Notice that I used getPath() on both cases.

This is because the getUrl() (and also getLoginUrl()) is giving me:

• On 1, if used without a callback

->url(Filament::getPanel('admin')->getUrl())

• Error: No default Filament panel is set. You may do this with the default() method inside a Filament provider's panel() configuration.

  • I did not understand once I have the app panel as default.

• On 1, if used within a callback

->url(fn () => Filament::getPanel('admin')->getUrl())

• Error: Route [filament.app.resources.organizations.index] not defined.

  • The panel app does not really have an organizations resource. This resource is the first resource on admin panel. I guess that it got wrong concatenating the default panel (app) with the first navigation item from the panel that I actually requested the URL (admin).

• On 2, if used as

->url(fn (Organization $record): string => Filament::getPanel('app')->getUrl($record))

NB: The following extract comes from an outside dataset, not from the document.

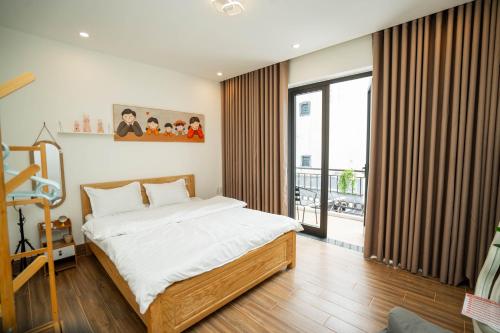 een slaapkamer met een groot bed en een balkon bij Dimori homestay in Thôn Trường Giang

• Error: App\Filament\Admin\Resources\OrganizationResource::App\Filament\Admin\Resources{closure}(): Return value must be of type string, null returned
  • This error I traced and got that $firstGroup is null because $navigation is an empty array. I guess maybe something while trying to set the tenant, because the existence of two panels or because that the app panel does not have any resource, it has only the dashboard page and the admin link as navigation items.

But probably I misunderstood the concept or usage of something at all. I'm a newbie with Filament: just four days reading docs and two coding.

Do you think I may create a separate issue/discussion and move this into there?